BACA JUGA: 10 Jenis Diet ini Tepat untuk Penderita Asam Urat

2. Hentikan mengonsumsi minuman manis

Jika Anda hobi mengonsumsi minuman manis, sebaiknya hindari dari sekarang. Menurut penelitian yang dilakukan oleh Harvard School of Public Health, minuman manis merupakan faktor utama pemicu obesitas dan diabetes.

Gula yang terkandung dalam minuman manis dapat menaikkan kadar gula darah dengan cepat, sehingga membuat perut tidak merasa kenyang. Itulah sebabnya orang cenderung makan banyak setelah minum minuman manis.

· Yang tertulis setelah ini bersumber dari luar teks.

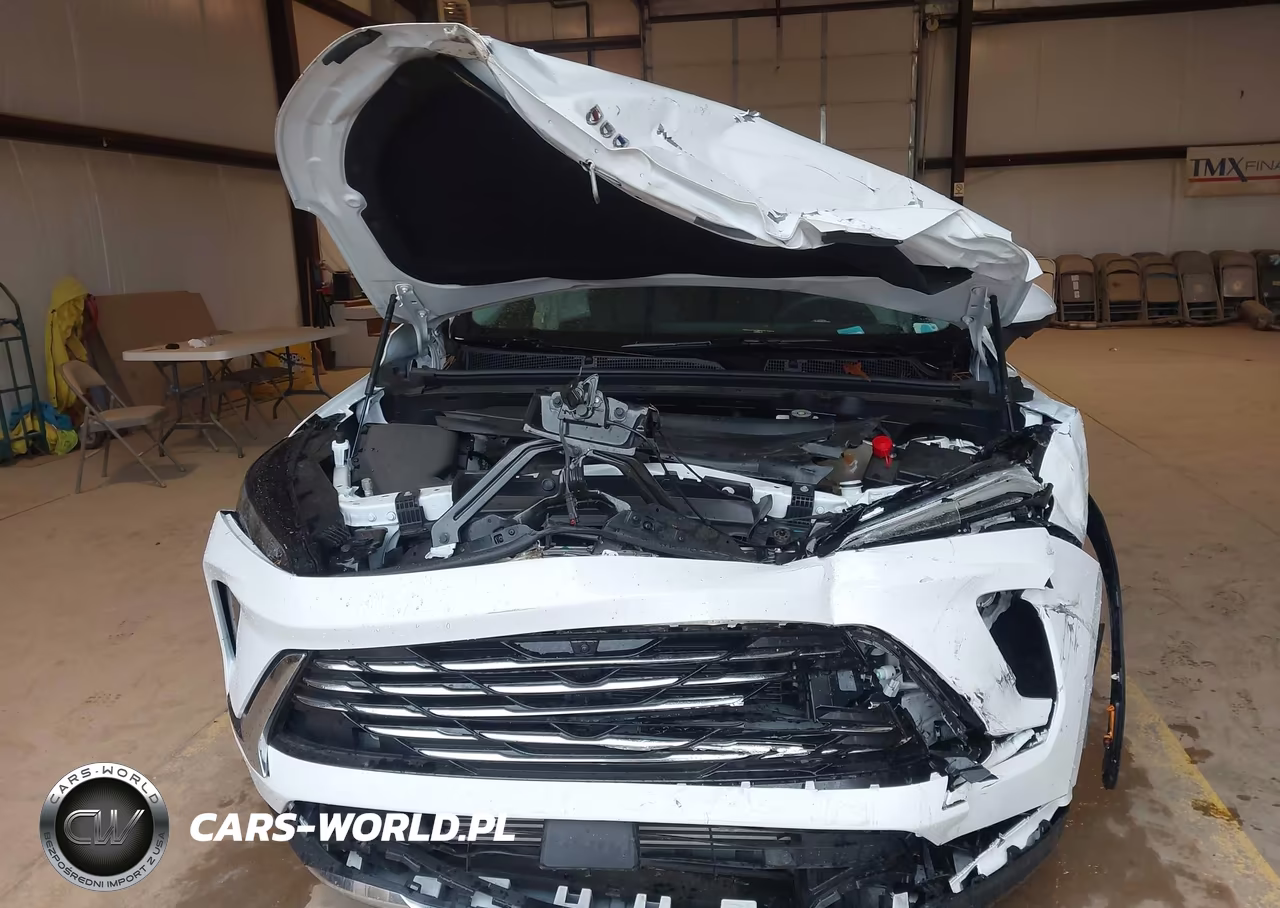 2025 Buick Envision Preferred Awd VIN:LRBFZKE48SD028145 - 12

Selain itu, banyak minum minuman manis bisa mengakibatkan kandungan gula tinggi ini justru menambah asupan kalori yang tidak perlu. Apabila Anda merasa haus, maka carilah pengganti minuman manis yang lebih sehat seperti air mineral.

3. Konsumsi lebih banyak sayuran agar cepat kenyang

Sayuran adalah sumber makanan tinggi serat yang dapat membantu menciptakan rasa kenyang lebih lama tanpa harus menambahkan banyak kalori ke dalam tubuh. Pilihlah sayuran yang sedikit mengandung karbohidrat, seperti taoge, brokoli, kembang kol, terong, tomat, jamur, bayam, timun, pakcoy, selada, dan bayam.

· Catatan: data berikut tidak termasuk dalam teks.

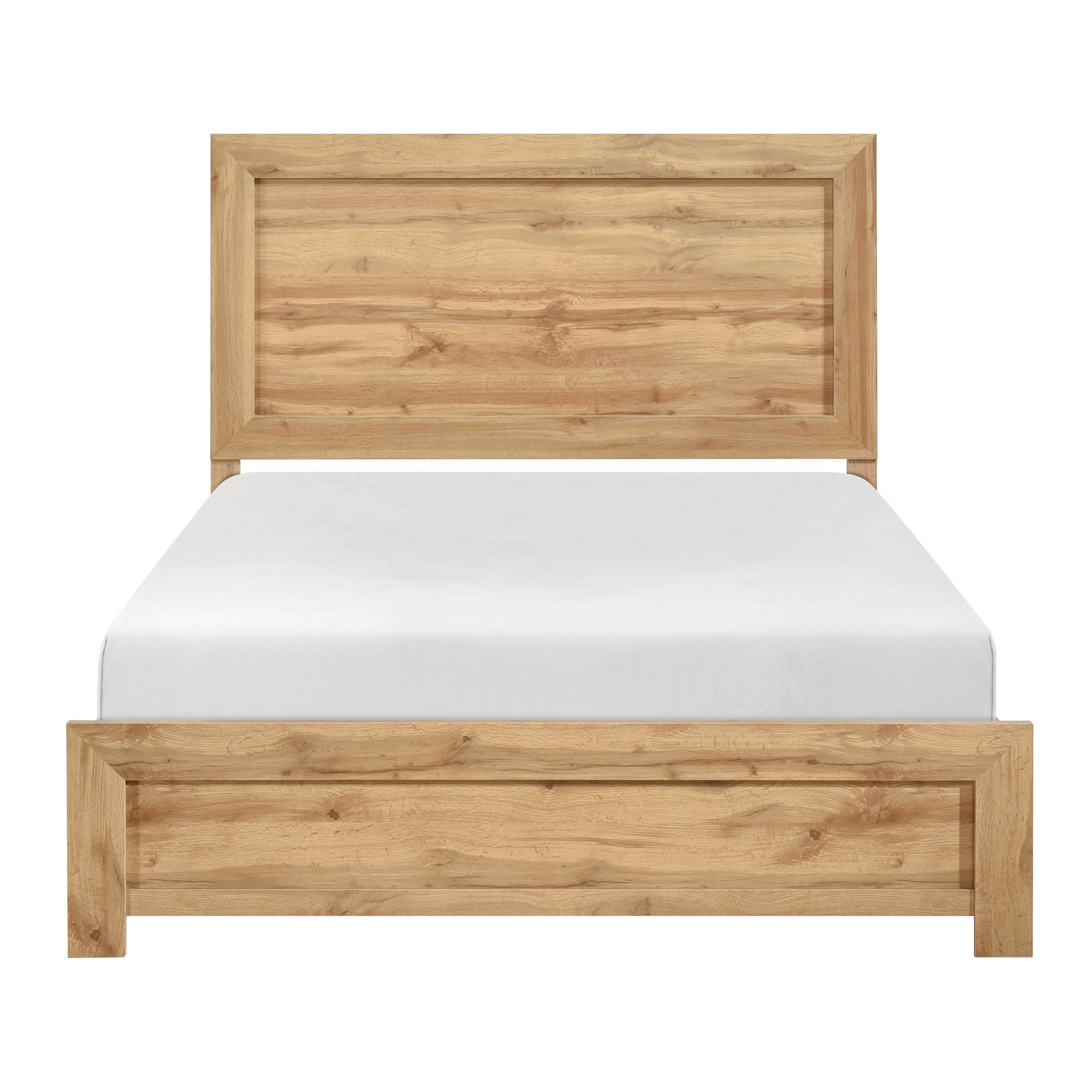 Noah Full Bed - Adams Furniture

4. Stop minum jus buah yang terlalu manis

Tidak seperti buah utuh, jus buah utuh mengandung sedikit serat – bahkan ada yang tidak mengandung serat – dan penuh gula. Meskipun mengandung beberapa vitamin dan mineral, jus buah kemasan tidak lebih baik dari minuman yang dimaniskan dengan gula dan karbohidrat. Hal ini sepenuhnya berlaku untuk jus buah.

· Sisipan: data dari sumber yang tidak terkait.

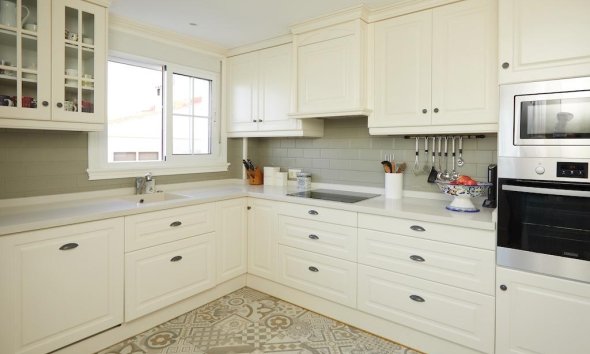 Resale - Villa - Rojales - Centro de la Ciudad Quesada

Sebagai contoh, 12 ons (354 ml) jus apel  mengandung 48 gram karbohidrat yang sebagian besar adalah gula. Hindari asupan jus buah mengandung pemanis berlebihan, lalu ganti dengan infused water yakni air putih yang ditambahkan irisan lemon, daun mint atau timun.

5. Makan makanan tinggi protein

Makan sumber protein yang baik dapat membuat Anda lebih mudah untuk mengurangi karbohidrat dan upaya ini sangatlah penting untuk menurunkan berat badan. Protein mampu mengurangi rasa lapar, membantu melawan hasrat makan dan melindungi massa otot selama penurunan berat badan.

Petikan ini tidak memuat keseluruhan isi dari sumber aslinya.